Originally Posted by Barkleymut
A family friend bought a new Suburban back in the 90's, around 25k miles (90% short trips) the engine decided to stop working. Turns out the wife thought the husband was getting the oil changed, the husband thought the wife was handling the service. I doubt many people nowadays completely neglect oil changes, but I'm sure there are some. It would be a very expensive lesson, especially if you have to learn it more than once.

The lack of oil changes is still fairly common.
 
Originally Posted by dave1251
Originally Posted by Barkleymut
A family friend bought a new Suburban back in the 90's, around 25k miles (90% short trips) the engine decided to stop working. Turns out the wife thought the husband was getting the oil changed, the husband thought the wife was handling the service. I doubt many people nowadays completely neglect oil changes, but I'm sure there are some. It would be a very expensive lesson, especially if you have to learn it more than once.

The lack of oil changes is still fairly common.



May be in your opinion.
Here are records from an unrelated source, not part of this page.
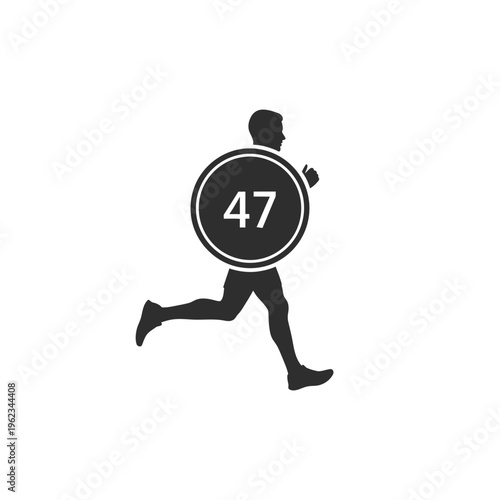 runner silhouette with step counter icon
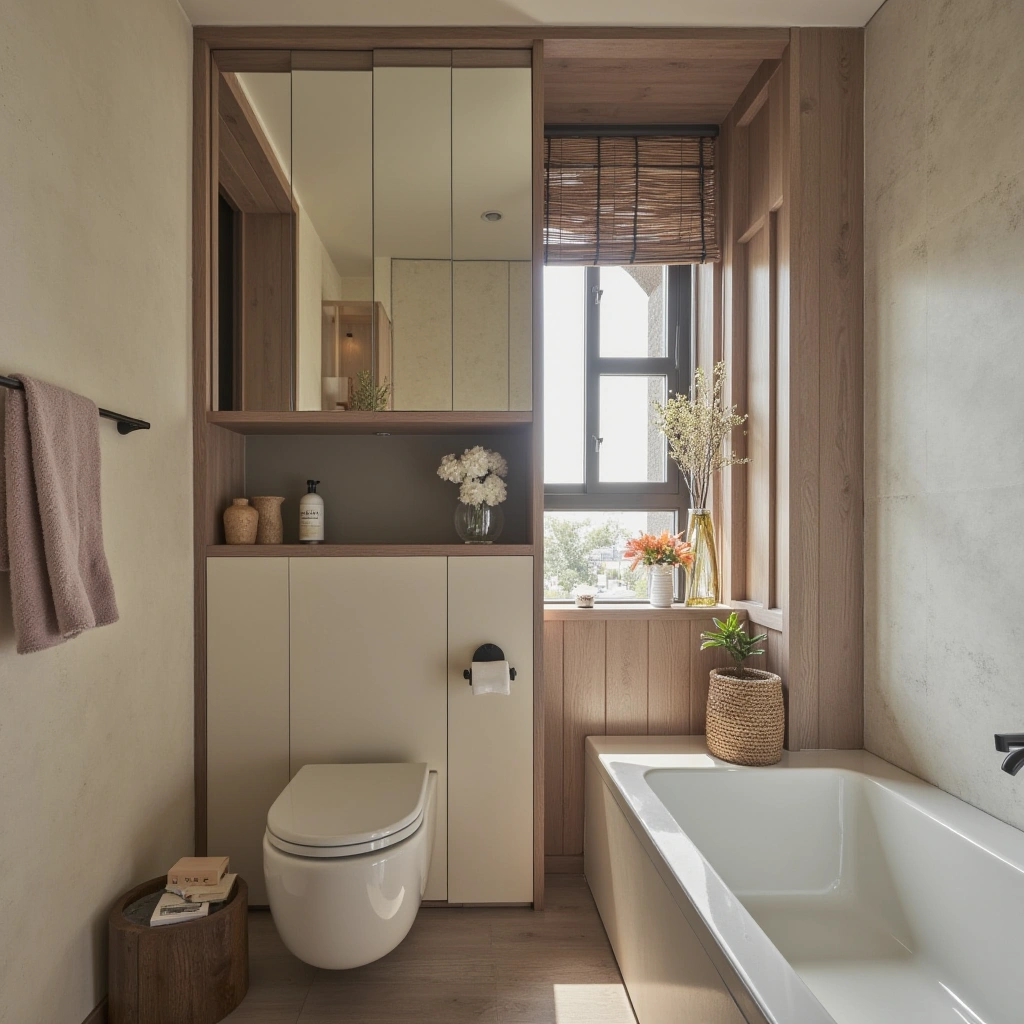 Boho Half Bathroom with Minimalist Touches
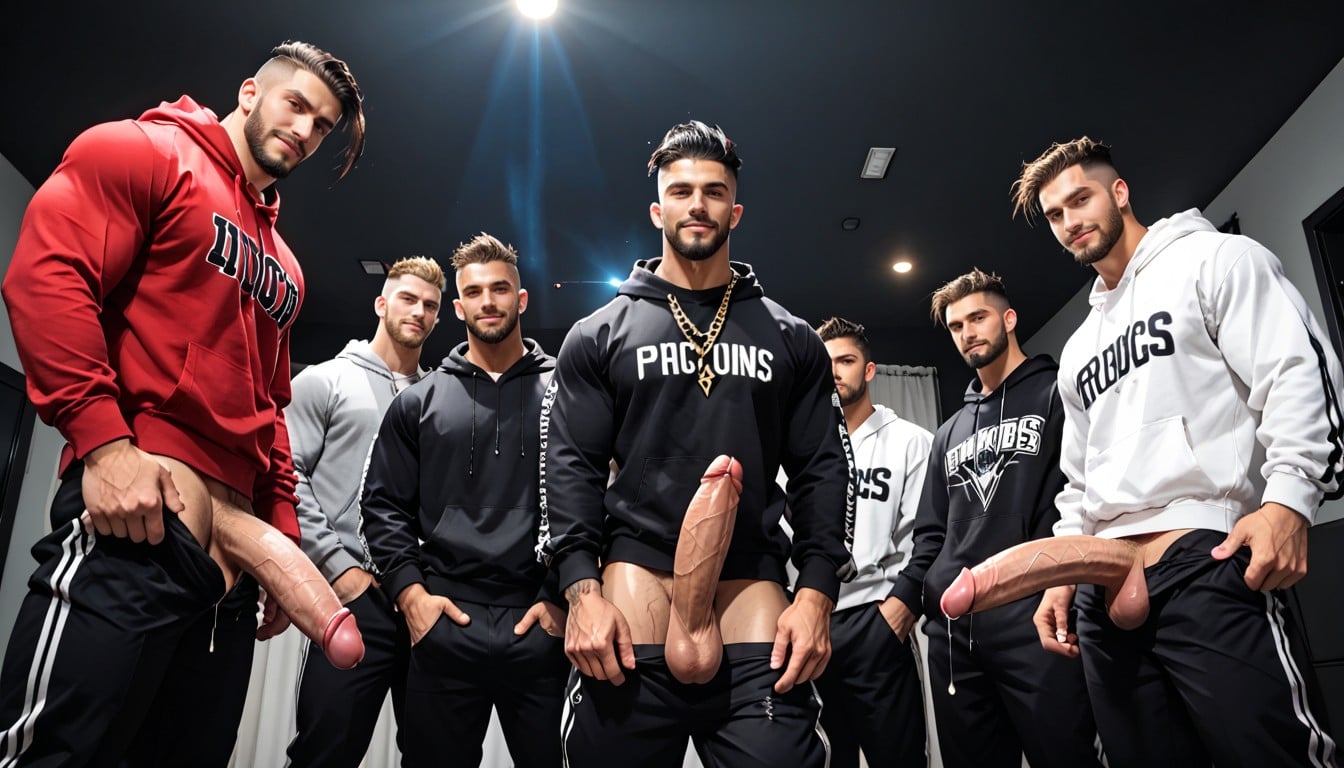 3 People, Gigantic, Dark Dominant Look AI Gay Porn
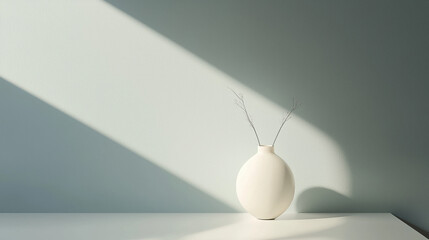 A minimalist still life position in a studio setting,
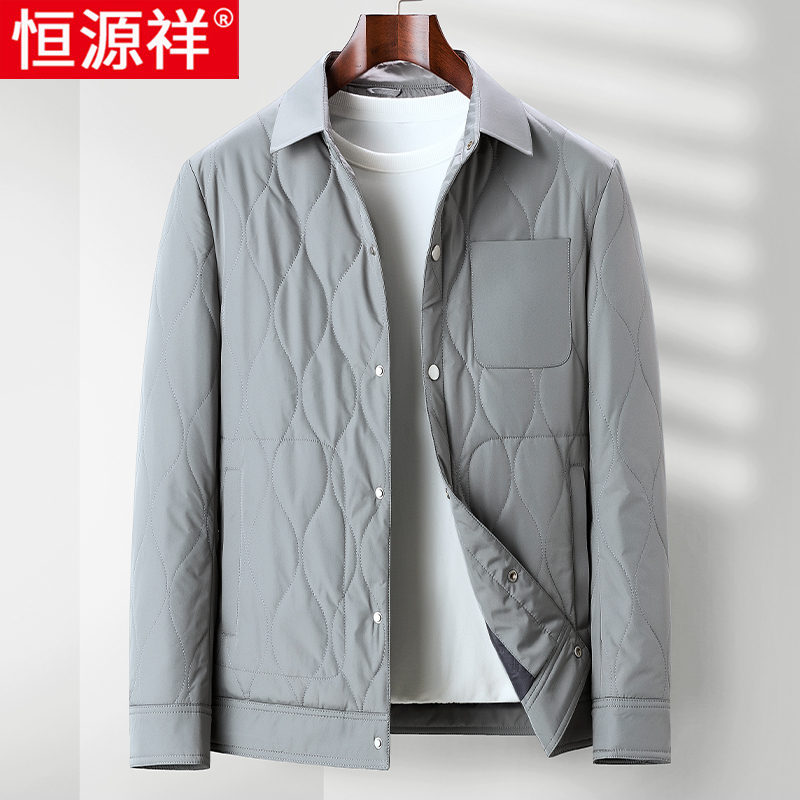 恒源祥秋冬季棉衣男士轻薄款桑蚕丝棉袄中老年棉服翻领爸爸装外棉高清大图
Here-the "Grease Monkey" and Jiify Lube franchises are VERY BUSY-as is the Chevrolet Dealer's "Quick Lube" lane.
 
Ignorance up, laziness up, diligence down, car ownership period down.

At some point they probably won't change the oil at all, just trade it in when it needs oil.
 
Some people don't know what an "oil change" is. Other people (especially BITOGers) change their oil way too often. The average is probably in the middle, somewhere around the correct time/mileage due. God only knows the answer to such questions.
 
95% of the people in my family, and my circle of friends pay loose attention to their OLM, or windshield sticker, and get it changed 1-2 weeks after they notice they've gone over the mileage. It agitates my OCD when I think about it.

My mother-in-law is a car manufacturer's dream. The transmission just went out in her 2015 Silverado, and she's ditching it after she gets it fixed. I think she's at 120K. I am 95% sure she's never had the transmission fluid changed, and I'm not asking, because it makes her defensive. My nephew's 2010 Camaro has never had a tranny fluid change either, at well over 100K. My family's maintenance habits make me curl up in the fetal position.